Seamless Video Editing – A Look Toward the Future

Seamless Video Editing – A Look Toward the Future

A provocative first paragraph:

A new application being developed by researchers at UC Berkely and Adobe Systems aims to do just that…helping editors identify the best spot to make a cut based off of audio and visual features of raw footage.  The program can auto generate seamless transitions to make the cuts visually smooth and undetectable.

Which sounds exciting, until you read later:

This tech seems useful for working with on-camera interviews (with only one subject), but in it’s current state it doesn’t seem like it would be effective at tackling more complex shooting situations.

So, which is it? Both and neither. Understanding how and why we make edits is complex, but it is/will be doable. Finding the base information on which to apply that algorithm is even harder. But it is inevitable. Certainly not for every type of edit, and not for every project. Given that an enormous amount of editing is not highly “creative” but somewhat routine.

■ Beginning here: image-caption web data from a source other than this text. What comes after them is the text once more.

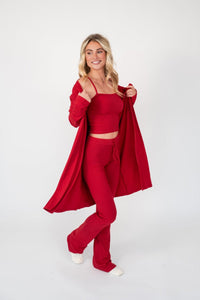 RED RIBBED LOUNGE ROBE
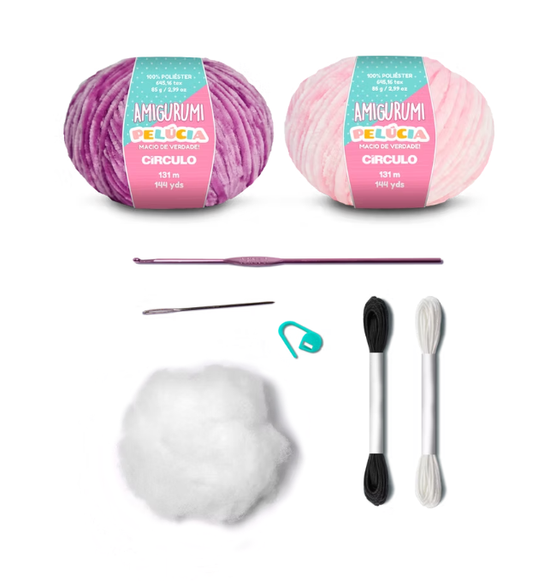 Circulo Amigurumi Kit - Reversible Mood Octopus (Pink & Purple)
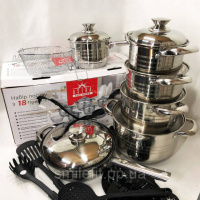 Набір посуду 18 предметів ASTRA A-2518, каструлі з нержавіючої сталі, каструлі з кришками, гарні каструлі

I have long advocated that this type of technology will be developed and applied. When we were developing First Cuts, the algorithm would product a result and it would be “off” in some way – simply not what I would have done as an editor. That forced an examination of how I would have made the edit. That then lead to needing to quantify why I made the edit there.

That part was not easy, although I am fortunate to have a brain almost equally balanced between left and right – creative and analytic.

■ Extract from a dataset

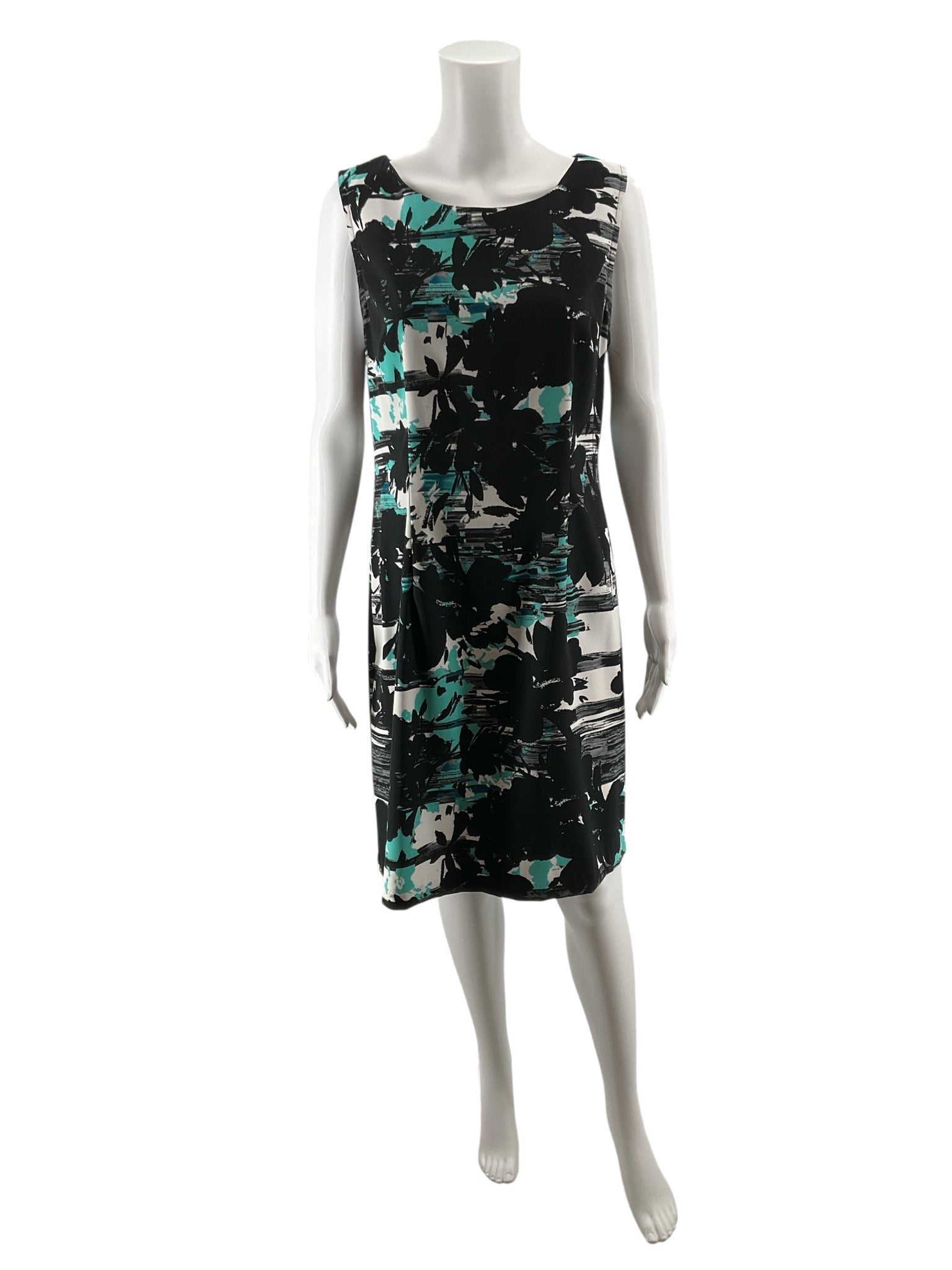 Connected Apparel Floral Sheath Dress Black White Teal Size 12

In layman’s terms: Spots of the video where there is little audio or on-screen movement are given priority as ideal spots to cut, and are plotted on a “cut suitability” timeline.  If necessary the application will insert natural looking pauses to bridge two cuts together.   From the product demo (embedded below) it appears that editors can simply delete text from the transcript view and the application will go to work creating a seamless transition.  An additional features allows for one-click removal of “ums” and repeated words.

They can go back one step. In an interview situation you generally have two voices: breaking an interview up on voice changes, and then paragraph breaks (which is what this research seems to be doing, but adding in the analysis of motion in video) is “trivial” once we get reliable speech transcription.

Reliable speech transcription is the key to unlocking an enormous amount of metadata-driven tagging/keywording and driving these sorts of automatic assembles. At this stage I see this more as an editor’s tool than for finished projects, although there are some applications in exploring large amounts of video material. (Something I hope to demonstrate by the end of the year using some of the Solar Odyssey footage.)

Should we go down this path? That’s an irrelevant question because, with downward budget pressures dominant in the industry, it’s inevitable. Those that can work smarter – using all the tools at their disposal – will continue to be needed.

And I firmly believe that the emotionally compelling, heart-tugging edit is going to remain beyond the ability of a computer for the balance of my lifetime.